Dans les campagnes, en quelques décennies,
l’exploitation a remplacé la ferme, la tôle a remplacé
la pierre et la tuile, le métal a remplacé le bois, la
combinaison uniforme a remplacé l’habit de travail,
la montre a supplanté la patience, le calcul a évincé le
sens des relations domesticatoires.
Sur un temps plus long, en moins de deux siècles,
les productions animales ont phagocyté l’élevage.
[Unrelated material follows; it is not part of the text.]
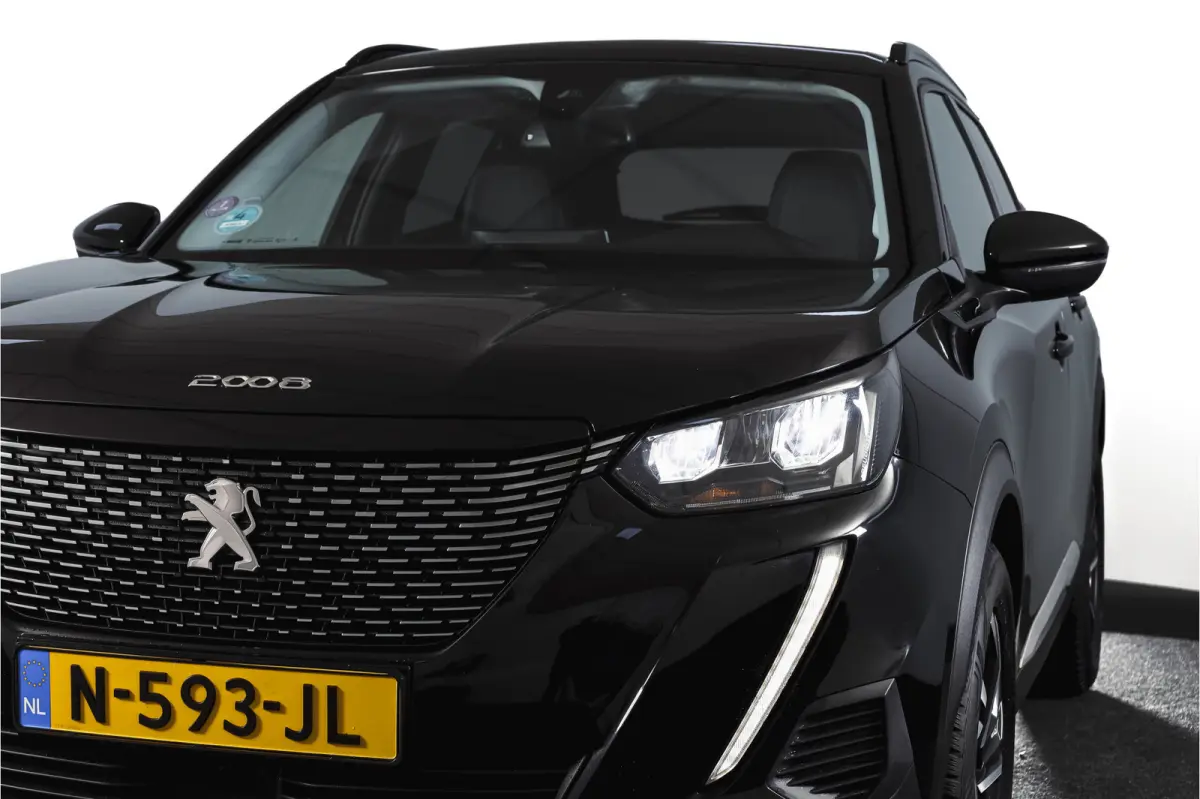 1.2 PureTech 100 PK Allure | Cruise | PDC | Camera | Carplay/Android | ECC | LM 17" |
Elles ont réduit nos relations complexes aux animaux
d’élevage à des rapports d’intérêt fondés sur une
violence légitimée par la raison économique ; les
productions animales, c’est-à-dire, historiquement,
la science, l’industrie, la banque, mais aussi
l’enseignement agricole, les techniciens, les
vétérinaires, et les producteurs eux-mêmes. Sans le
pouvoir des uns à imposer leur modèle industriel de
développement et l’assentiment des autres à subir
et à exercer la violence intrinsèque à ce modèle,
nos relations aux animaux d’élevage n’auraient
pu devenir, à ce point, aussi absurdes, obscènes,
dépourvues de tout sens partagé et de ce fait, si elles
restaient en l’état, condamnées à disparaître.